Fortunetelling, One of the Oldest Pastimes Taken Seriously
Fortunetelling, One of the Oldest Pastimes Taken Seriously

Anyone Can Make Predictions

We could all agree upon one thing - humans are not known to spend their lives in a well protected "crystal vase", to use a little metaphor - but something like life happens to all of us. Here I mean a long repertoire of good and bad events only explainable by our incredible talent for complicating our coexistence.

So, how hard is it really to pick out any combination of those standard features in our "destiny" to make a prediction? If I tell you that you are bound to have some disappointments, unexpected calls, some problems with relationships, and someone is badmouthing you, and your health may turn to worse - am I describing your life?

No, I am describing everybody's life.
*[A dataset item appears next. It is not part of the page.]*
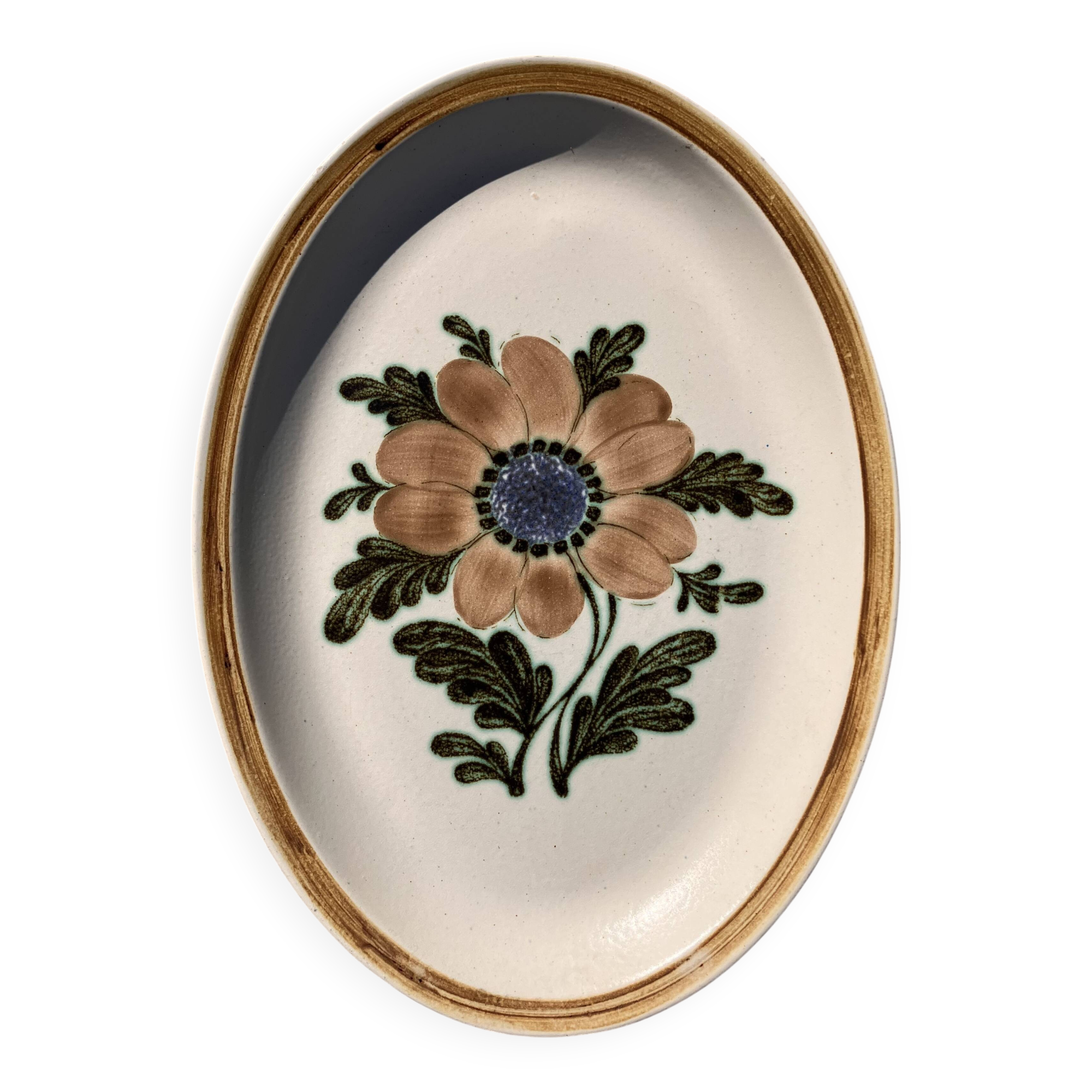Large oval floral Gien dish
Let me mix-in some wild guesses into this standard soap opera of modern living, and here is your fortune story - are you paying by cash or by a credit card? Here, for a bonus I can top it up with my own weather forecast.

The World's Stupidities Are Easy to Be Predicted
The World's Stupidities Are Easy to Be Predicted

Who Needs a Crystal Ball

While many of you may be waiting for my switching to the biblical prophecies, let me beat around the bush for another moment. Quite similar to personal fortune-telling are those global predictions that are worth mentioning.

With one advantage that the "prophets" have - a stretch of centuries to play with, and the world is crazy enough to fulfill just about any prophecy imaginable. Will there be wars? How about famine, natural disasters, greed, lust, assassinations, corruption, political deceit...O.K., you finish the list if you feel like it, and welcome to the club of prophets.

Even some of those biggies in the trade like Nostradamus, with his famous "quatrains" was too vague, and many are not taking the dude too seriously. And Edgar Cayce, with all his obvious and mysterious talent really blew it big time by predicting the Atlantis to rise up from the ocean--in recent times.

Sometimes We Tend to Believe the Whole Story just Because a Part of It Sounds True
Sometimes We Tend to Believe the Whole Story just Because a Part of It Sounds True

We Make It "True"

Isn't it interesting how we are inclined to believe in the totality of a story just because some details have turned out true. Not only that, but as long as we believe, we are going to interpret the story in a way that it "has to be " true.

For a lack of a better name, let me call it "wishful thinking". It somewhat reminds me of a story in my Latin textbook about an ancient king that visited this famous fortune-teller before going to war to tell him about the outcome of his military venture.

As the story goes, the witch would fall in her trance and scribble down : "Ibis redibis nunquam peribis in bello." The royal idiot would interpret it the way he wanted it to be - while the smart witch actually gave him a double-meaning prophecy. Namely, if the coma comes after "redibis", it meant: "You'll go, you'll return, you'll never die in war".

But if the coma came after "ibis", then it meant : "You'll go, you'll never return, you'll die in war". Of course, there was no coma in her scribbling. Like I said - we interpret things according to our beliefs. Someone expressed it like this - "Believing is seeing".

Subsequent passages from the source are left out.